• **Brief**
Only a slice of the listing below is wanted. Retype the lines from the one containing "Batterie solaire silencieuse" through the one containing "Mac Miller, Macadelic (COLOR)", exactly, both ends included.

• **Task material**
::::::
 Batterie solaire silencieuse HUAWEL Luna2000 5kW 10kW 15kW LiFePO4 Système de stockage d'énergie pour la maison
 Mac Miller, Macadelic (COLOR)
::::::
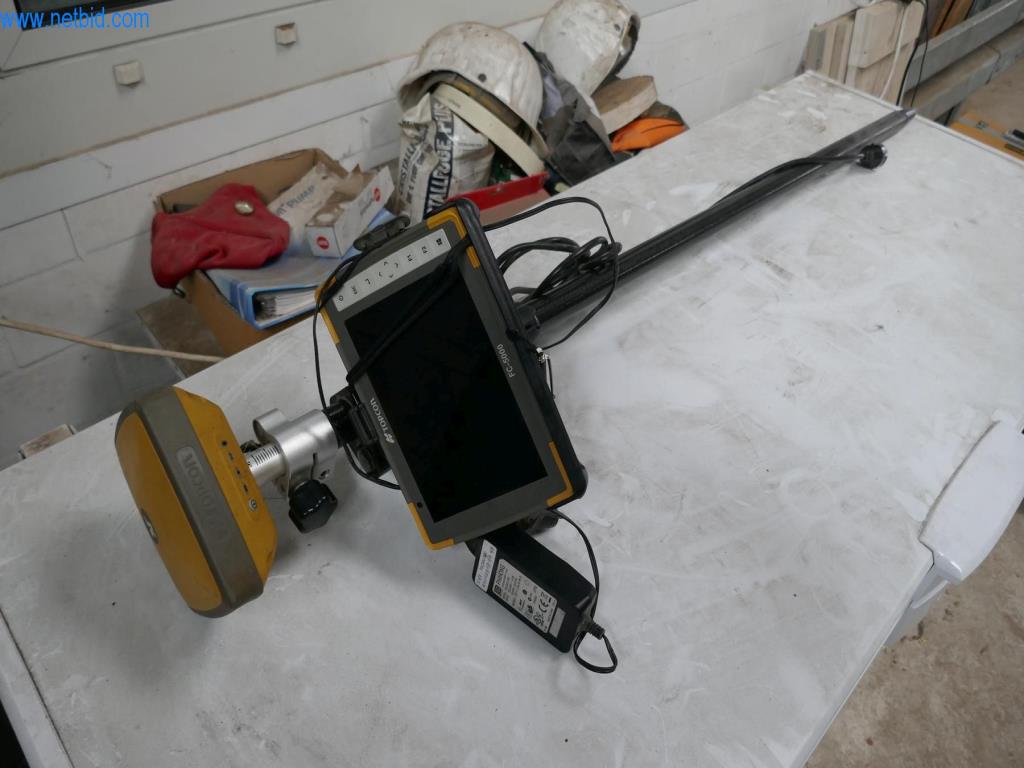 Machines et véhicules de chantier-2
::::::
• **Output of the task**
 Batterie solaire silencieuse HUAWEL Luna2000 5kW 10kW 15kW LiFePO4 Système de stockage d'énergie pour la maison
 Mac Miller, Macadelic (COLOR)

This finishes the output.